• **Assignment**
The full listing, word for word and free of images, is the expected result.

• **Available data**
○ ○ ○

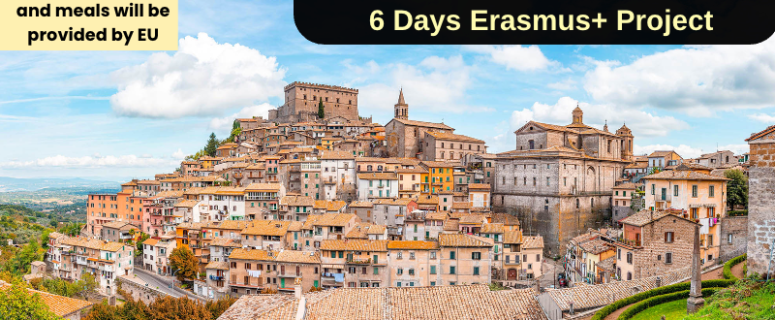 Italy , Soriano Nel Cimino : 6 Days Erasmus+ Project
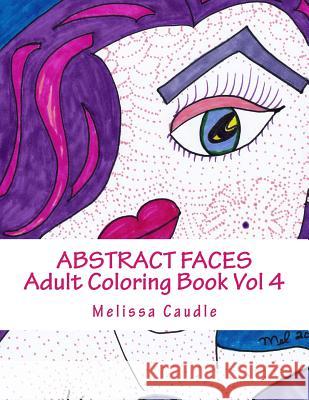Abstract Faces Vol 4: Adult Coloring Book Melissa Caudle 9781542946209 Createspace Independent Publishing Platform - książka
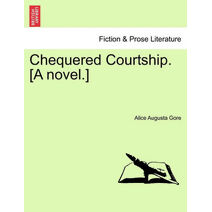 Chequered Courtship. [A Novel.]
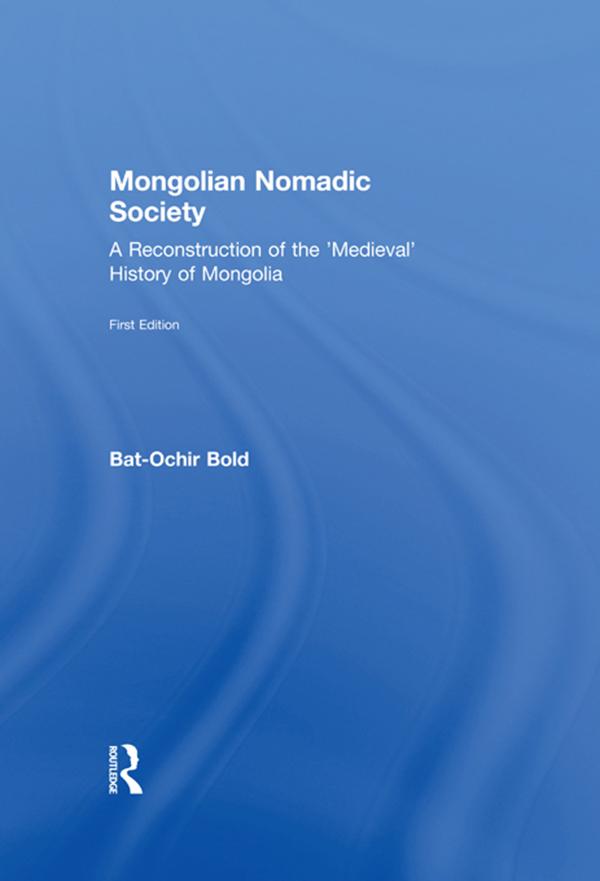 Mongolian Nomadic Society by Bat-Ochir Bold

○ ○ ○

• **Your solution**
 Italy , Soriano Nel Cimino : 6 Days Erasmus+ Project
Abstract Faces Vol 4: Adult Coloring Book Melissa Caudle 9781542946209 Createspace Independent Publishing Platform - książka
 Chequered Courtship. [A Novel.]
 Mongolian Nomadic Society by Bat-Ochir Bold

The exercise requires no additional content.